Balls. I remember saying last night “that’s brilliant. I’m going to use that in “Overheard in My Office (except at the pub)” and then promptly forgot it. I’m blaming Gin. Wine may also have a few things to answer for. Mind you, it’s probably for the best if it was better/worse than “so a rapist has your phone number”.
I also recall having a long conversation with senior people from the Business Section, who, despite listening to me telling them I still count on my fingers, convinced me I should write stories for them sometimes. Because clearly, I’m some sort of Ace Journalist who can write about businessy things. Buy! Sell! High! Low! (in my head Kato, that’s what you guys do. I’m not sure why…)
In other news, I did not trip up in my massive heels and I believe there was some kind of kebab. Which probably accounts for my feeling better than I deserve to. Although I’m probably (or actually) still drunk.
That would explain why I woke up on the couch, although, to be fair, I managed to adorn myself with some kind of pyjama – full of Win.

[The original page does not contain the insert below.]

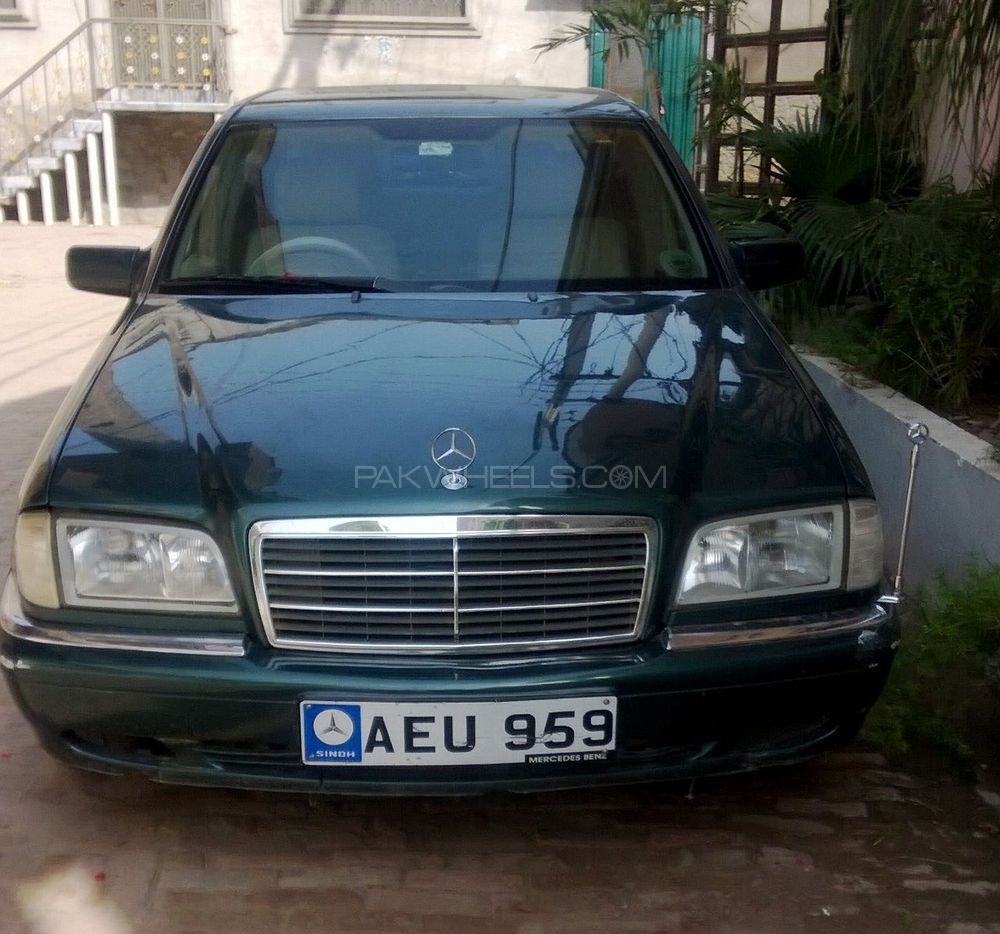 Mercedes Benz C Class 2000 for Sale in Lahore Image-1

So in a complete change of pace I’m going to laze around for many hours reading on my Kindle, contemplating the bigger issues of the day, such as “did I just dye my hair too dark?” and waiting until I get my 1990s grunge on with two dear pals later today. We’re going to drink wine and watch Singles (possibly also Pump up the Volume or Heathers) and listen to Alice in Chains and decide who loves Eddie Vedder more. Let’s be honest, I’ve got a terrible ill-advised Pearl Jam tattoo I got when I was drunk when I was 17. I think I will win this game, just quietly.